We literally ask these two questions every time before ever hitting the Tweet button.  As the class grew more comfortable, they began giving two thumbs up showing their approval (which sped up the process).

Of course, we tweet about everything! Our tweets reflect our learning topics or activities, thanks to people and groups who’ve impacted us, or asking questions of experts.

experts

 

A special favorite is tweeting authors while reading or finishing their books. During the Olympics some of the athletes were really good about reaching out to students. It’s incredibly exciting when they tweet us back!

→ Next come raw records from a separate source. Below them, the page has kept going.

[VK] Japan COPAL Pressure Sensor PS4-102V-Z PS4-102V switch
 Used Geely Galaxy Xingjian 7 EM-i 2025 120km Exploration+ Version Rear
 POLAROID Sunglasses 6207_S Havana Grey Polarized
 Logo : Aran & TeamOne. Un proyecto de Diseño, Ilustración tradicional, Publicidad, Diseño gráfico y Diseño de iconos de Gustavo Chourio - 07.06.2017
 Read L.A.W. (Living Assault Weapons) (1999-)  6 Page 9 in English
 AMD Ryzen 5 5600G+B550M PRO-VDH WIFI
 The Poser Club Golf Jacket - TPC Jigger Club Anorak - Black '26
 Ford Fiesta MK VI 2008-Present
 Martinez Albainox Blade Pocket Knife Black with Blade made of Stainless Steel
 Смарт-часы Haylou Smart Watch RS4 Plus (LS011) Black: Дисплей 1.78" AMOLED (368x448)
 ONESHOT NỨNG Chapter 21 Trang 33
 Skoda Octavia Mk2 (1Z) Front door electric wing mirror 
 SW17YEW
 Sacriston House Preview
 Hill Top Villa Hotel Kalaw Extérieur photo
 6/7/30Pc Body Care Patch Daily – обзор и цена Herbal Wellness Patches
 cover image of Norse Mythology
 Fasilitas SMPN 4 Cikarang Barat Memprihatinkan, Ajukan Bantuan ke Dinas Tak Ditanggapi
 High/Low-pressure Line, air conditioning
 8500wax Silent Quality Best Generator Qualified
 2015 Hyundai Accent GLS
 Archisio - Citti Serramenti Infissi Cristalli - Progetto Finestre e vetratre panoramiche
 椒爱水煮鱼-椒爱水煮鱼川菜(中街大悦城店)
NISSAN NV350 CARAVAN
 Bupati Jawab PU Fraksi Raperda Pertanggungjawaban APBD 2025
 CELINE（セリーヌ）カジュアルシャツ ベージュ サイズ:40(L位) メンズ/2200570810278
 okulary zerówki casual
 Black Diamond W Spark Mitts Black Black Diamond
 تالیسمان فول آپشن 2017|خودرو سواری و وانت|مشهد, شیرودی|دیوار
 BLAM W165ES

Hashtags provide great tweeting experiences too and are a fun way to invite others to join in. I love that Dana Ariss uses #ourawesome as an opportunity for students to reflect and think about gratitude.  I will definitely be using it this year with my class. Hashtags also provide a quick and easy way to organize tweets. When we have a presentation the class tweeter will begin each tweet with the speaker’s name (eg. #tanyasays).  At the end of the day using a tool such as Storify makes it easy to gather them all together for everyone to see.

I’d love to hear more ideas and comments about using class Twitter accounts.  Feel free to tweet us at @Millgrove4H!

Student Blogs

As we start this school year, one of my goals is to invite parents and families to participate virtually with our class activities through social media tools.  Last year I realized that while parents were very willing to provide their support, they may not have been aware of how best to do so.  I have been thinking through how I use different tools with my class as I prepare a presentation to invite them to be ‘digital volunteers’ in September.

Our Student Blogs

Capture

In addition to posting work on our class blog, students also have individual blogs for their work.  These blogs provide a space for reflection and a snapshot of their learning on any given day.

The experience of working with our class blog and their blog means that students appreciate the world wide audience they have for their work.  Having that authentic audience and knowing that their voice can be heard worldwide can be a transformational experience. Every year, I see the remarkable motivation blogging gives them to not only write, but take the time to carefully craft their pieces to ensure they are most powerful.  Once started, kids write – all the time.  They continue to write on weekends, while travelling on family holidays, and even into the summer.

I am always thrilled to see how excited students are about their writing.  We say “The more you write, the better you get and the better you get the more you write!” The opportunity blogging provides to reflect on their learning helps them clarify essential understandings as well as what they would like to explore further.

To me, the transformational piece that elevates blogging from traditional classroom writing is commenting.  Having others respond to their writing tells students that their voice is heard and that they matter. They are so excited to have their peers comment on their posts, and even more so when other students and adults from all over the world do so.   It is so incredibly powerful, as seen in this example from my class where author Peter Reynolds commented on Maddisyn’s work.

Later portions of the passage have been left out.